● **WORK REQUIRED**: Only one portion of the data is to be written out: from the line bearing "Tone Fan Earrings" through the line bearing "An RAF pilots". Write it exactly as it appears.
·····
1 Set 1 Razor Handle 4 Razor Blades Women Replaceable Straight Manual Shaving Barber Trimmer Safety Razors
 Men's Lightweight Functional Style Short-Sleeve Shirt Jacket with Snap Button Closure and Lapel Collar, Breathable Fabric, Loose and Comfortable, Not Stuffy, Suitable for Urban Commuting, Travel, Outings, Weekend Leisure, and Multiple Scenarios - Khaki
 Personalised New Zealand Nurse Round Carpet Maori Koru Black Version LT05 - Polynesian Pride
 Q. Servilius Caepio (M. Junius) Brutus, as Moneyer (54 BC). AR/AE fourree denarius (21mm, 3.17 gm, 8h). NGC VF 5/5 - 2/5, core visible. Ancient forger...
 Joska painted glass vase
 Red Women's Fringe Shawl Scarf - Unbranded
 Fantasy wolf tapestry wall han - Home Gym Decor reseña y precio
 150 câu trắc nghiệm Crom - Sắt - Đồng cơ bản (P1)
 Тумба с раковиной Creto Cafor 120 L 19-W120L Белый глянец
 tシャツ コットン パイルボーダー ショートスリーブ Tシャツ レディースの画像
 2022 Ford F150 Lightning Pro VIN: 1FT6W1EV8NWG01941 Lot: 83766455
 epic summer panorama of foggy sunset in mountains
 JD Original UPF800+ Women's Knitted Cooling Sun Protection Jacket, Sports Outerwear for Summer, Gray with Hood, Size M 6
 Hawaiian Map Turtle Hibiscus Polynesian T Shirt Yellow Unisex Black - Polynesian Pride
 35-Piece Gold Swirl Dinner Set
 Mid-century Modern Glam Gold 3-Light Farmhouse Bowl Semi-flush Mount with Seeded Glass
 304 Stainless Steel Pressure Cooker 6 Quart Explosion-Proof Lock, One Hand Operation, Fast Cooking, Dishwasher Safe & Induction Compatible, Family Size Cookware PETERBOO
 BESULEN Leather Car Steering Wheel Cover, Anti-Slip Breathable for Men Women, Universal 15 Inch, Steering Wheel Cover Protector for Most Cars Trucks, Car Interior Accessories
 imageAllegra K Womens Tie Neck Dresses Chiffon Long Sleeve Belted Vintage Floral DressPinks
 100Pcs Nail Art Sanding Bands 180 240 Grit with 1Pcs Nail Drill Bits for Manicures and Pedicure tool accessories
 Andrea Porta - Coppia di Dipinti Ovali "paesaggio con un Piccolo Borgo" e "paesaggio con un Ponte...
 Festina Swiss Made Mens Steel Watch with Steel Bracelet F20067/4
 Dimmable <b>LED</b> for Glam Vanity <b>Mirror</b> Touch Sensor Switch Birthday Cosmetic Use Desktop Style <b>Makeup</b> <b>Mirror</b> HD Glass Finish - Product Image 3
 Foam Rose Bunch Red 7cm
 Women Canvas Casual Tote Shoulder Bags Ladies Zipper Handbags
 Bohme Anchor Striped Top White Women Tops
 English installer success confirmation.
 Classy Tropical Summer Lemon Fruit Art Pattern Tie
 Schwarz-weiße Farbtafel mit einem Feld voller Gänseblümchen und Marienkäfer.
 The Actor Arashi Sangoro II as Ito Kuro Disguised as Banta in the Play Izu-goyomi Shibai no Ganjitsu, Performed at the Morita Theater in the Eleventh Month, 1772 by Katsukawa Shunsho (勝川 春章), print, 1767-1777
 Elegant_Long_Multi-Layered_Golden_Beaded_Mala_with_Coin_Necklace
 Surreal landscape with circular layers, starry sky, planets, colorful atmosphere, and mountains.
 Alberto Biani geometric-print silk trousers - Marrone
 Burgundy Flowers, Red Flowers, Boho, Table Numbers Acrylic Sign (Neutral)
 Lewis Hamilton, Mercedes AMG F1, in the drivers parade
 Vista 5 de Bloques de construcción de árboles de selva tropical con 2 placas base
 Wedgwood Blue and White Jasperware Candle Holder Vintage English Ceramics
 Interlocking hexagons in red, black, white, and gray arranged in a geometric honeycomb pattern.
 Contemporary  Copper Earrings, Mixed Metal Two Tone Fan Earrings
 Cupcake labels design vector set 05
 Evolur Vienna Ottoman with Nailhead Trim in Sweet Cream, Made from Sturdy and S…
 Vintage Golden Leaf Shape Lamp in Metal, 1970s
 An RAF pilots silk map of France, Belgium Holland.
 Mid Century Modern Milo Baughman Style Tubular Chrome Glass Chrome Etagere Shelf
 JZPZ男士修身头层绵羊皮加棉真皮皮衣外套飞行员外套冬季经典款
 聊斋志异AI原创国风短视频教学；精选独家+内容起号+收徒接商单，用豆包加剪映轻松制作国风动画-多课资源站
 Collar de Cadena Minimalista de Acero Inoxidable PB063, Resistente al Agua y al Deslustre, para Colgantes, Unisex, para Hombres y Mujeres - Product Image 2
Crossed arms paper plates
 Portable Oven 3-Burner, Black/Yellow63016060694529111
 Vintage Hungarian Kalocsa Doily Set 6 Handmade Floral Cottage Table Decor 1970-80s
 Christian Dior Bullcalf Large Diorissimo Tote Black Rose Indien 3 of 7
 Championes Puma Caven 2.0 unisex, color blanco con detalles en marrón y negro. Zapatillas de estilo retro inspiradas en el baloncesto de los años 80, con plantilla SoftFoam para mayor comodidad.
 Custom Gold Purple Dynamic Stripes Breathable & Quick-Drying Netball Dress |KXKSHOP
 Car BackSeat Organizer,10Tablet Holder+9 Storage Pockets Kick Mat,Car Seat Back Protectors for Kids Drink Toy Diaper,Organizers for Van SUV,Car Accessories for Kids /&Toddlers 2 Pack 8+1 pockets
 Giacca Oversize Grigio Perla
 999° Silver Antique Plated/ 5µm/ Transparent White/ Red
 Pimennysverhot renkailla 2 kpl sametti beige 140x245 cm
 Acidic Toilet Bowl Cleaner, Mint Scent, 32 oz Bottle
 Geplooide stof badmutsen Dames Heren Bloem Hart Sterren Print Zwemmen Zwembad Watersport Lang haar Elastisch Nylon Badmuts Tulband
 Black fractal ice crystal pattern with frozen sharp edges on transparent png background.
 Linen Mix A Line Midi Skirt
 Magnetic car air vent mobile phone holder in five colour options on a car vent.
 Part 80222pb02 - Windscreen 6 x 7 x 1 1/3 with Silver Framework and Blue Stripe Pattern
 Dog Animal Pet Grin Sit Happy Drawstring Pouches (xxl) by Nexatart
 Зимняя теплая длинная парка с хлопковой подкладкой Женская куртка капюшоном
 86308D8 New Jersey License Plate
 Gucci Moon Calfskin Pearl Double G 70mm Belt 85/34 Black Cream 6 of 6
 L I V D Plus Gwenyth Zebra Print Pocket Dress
·····
● **EXERCISE SOLUTION**:
 Contemporary  Copper Earrings, Mixed Metal Two Tone Fan Earrings
 Cupcake labels design vector set 05
 Evolur Vienna Ottoman with Nailhead Trim in Sweet Cream, Made from Sturdy and S…
 Vintage Golden Leaf Shape Lamp in Metal, 1970s
 An RAF pilots silk map of France, Belgium Holland.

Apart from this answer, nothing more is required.